• Your task: Type out the data again. Keep every line exactly the same.

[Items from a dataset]

__________

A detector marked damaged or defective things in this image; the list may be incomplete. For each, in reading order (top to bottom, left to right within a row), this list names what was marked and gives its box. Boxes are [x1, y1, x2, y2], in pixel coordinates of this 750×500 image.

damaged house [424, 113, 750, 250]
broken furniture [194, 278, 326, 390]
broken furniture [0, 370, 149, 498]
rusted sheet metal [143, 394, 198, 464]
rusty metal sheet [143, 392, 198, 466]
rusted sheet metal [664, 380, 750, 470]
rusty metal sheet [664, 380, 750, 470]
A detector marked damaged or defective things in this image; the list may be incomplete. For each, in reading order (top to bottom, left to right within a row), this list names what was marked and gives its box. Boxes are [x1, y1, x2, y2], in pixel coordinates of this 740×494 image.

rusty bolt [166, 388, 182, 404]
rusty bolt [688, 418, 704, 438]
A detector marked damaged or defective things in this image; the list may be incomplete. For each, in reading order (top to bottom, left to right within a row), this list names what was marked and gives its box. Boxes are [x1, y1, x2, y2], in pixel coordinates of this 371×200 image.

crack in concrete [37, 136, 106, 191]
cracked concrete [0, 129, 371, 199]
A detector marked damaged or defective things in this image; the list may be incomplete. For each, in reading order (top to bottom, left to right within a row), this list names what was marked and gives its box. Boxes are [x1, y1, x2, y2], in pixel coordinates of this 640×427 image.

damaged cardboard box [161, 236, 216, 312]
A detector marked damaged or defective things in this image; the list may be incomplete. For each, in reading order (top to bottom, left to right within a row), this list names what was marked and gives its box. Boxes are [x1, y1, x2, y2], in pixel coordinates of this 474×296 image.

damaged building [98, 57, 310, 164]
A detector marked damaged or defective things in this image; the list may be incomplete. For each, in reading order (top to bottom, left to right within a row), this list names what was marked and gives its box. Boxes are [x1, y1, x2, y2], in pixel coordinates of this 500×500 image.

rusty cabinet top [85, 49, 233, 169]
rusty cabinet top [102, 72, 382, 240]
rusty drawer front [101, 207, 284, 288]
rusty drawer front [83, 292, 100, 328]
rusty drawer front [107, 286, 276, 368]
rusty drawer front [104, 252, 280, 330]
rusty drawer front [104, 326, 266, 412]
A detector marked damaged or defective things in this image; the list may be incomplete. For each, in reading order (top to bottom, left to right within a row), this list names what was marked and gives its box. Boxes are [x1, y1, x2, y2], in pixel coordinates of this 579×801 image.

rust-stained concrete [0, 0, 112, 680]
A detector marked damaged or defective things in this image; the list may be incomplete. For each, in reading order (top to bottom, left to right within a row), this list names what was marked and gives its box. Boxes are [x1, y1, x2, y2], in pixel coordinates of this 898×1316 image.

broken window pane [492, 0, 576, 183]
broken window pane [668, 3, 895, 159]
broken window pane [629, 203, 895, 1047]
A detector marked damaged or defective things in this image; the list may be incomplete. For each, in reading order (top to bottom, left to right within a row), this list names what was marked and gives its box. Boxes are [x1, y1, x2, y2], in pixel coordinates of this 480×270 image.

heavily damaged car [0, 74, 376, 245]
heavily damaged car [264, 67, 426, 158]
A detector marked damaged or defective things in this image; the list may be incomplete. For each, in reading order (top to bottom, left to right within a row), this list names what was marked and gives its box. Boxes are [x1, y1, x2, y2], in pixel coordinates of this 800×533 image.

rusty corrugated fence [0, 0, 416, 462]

__________

• Your response:
A detector marked damaged or defective things in this image; the list may be incomplete. For each, in reading order (top to bottom, left to right within a row), this list names what was marked and gives its box. Boxes are [x1, y1, x2, y2], in pixel coordinates of this 750×500 image.

damaged house [424, 113, 750, 250]
broken furniture [194, 278, 326, 390]
broken furniture [0, 370, 149, 498]
rusted sheet metal [143, 394, 198, 464]
rusty metal sheet [143, 392, 198, 466]
rusted sheet metal [664, 380, 750, 470]
rusty metal sheet [664, 380, 750, 470]
A detector marked damaged or defective things in this image; the list may be incomplete. For each, in reading order (top to bottom, left to right within a row), this list names what was marked and gives its box. Boxes are [x1, y1, x2, y2], in pixel coordinates of this 740×494 image.

rusty bolt [166, 388, 182, 404]
rusty bolt [688, 418, 704, 438]
A detector marked damaged or defective things in this image; the list may be incomplete. For each, in reading order (top to bottom, left to right within a row), this list names what was marked and gives its box. Boxes are [x1, y1, x2, y2], in pixel coordinates of this 371×200 image.

crack in concrete [37, 136, 106, 191]
cracked concrete [0, 129, 371, 199]
A detector marked damaged or defective things in this image; the list may be incomplete. For each, in reading order (top to bottom, left to right within a row), this list names what was marked and gives its box. Boxes are [x1, y1, x2, y2], in pixel coordinates of this 640×427 image.

damaged cardboard box [161, 236, 216, 312]
A detector marked damaged or defective things in this image; the list may be incomplete. For each, in reading order (top to bottom, left to right within a row), this list names what was marked and gives its box. Boxes are [x1, y1, x2, y2], in pixel coordinates of this 474×296 image.

damaged building [98, 57, 310, 164]
A detector marked damaged or defective things in this image; the list may be incomplete. For each, in reading order (top to bottom, left to right within a row), this list names what was marked and gives its box. Boxes are [x1, y1, x2, y2], in pixel coordinates of this 500×500 image.

rusty cabinet top [85, 49, 233, 169]
rusty cabinet top [102, 72, 382, 240]
rusty drawer front [101, 207, 284, 288]
rusty drawer front [83, 292, 100, 328]
rusty drawer front [107, 286, 276, 368]
rusty drawer front [104, 252, 280, 330]
rusty drawer front [104, 326, 266, 412]
A detector marked damaged or defective things in this image; the list may be incomplete. For each, in reading order (top to bottom, left to right within a row), this list names what was marked and gives its box. Boxes are [x1, y1, x2, y2], in pixel coordinates of this 579×801 image.

rust-stained concrete [0, 0, 112, 680]
A detector marked damaged or defective things in this image; the list may be incomplete. For each, in reading order (top to bottom, left to right within a row), this list names what was marked and gives its box. Boxes are [x1, y1, x2, y2], in pixel coordinates of this 898×1316 image.

broken window pane [492, 0, 576, 183]
broken window pane [668, 3, 895, 159]
broken window pane [629, 203, 895, 1047]
A detector marked damaged or defective things in this image; the list may be incomplete. For each, in reading order (top to bottom, left to right within a row), this list names what was marked and gives its box. Boxes are [x1, y1, x2, y2], in pixel coordinates of this 480×270 image.

heavily damaged car [0, 74, 376, 245]
heavily damaged car [264, 67, 426, 158]
A detector marked damaged or defective things in this image; the list may be incomplete. For each, in reading order (top to bottom, left to right within a row), this list names what was marked and gives its box. Boxes are [x1, y1, x2, y2], in pixel coordinates of this 800×533 image.

rusty corrugated fence [0, 0, 416, 462]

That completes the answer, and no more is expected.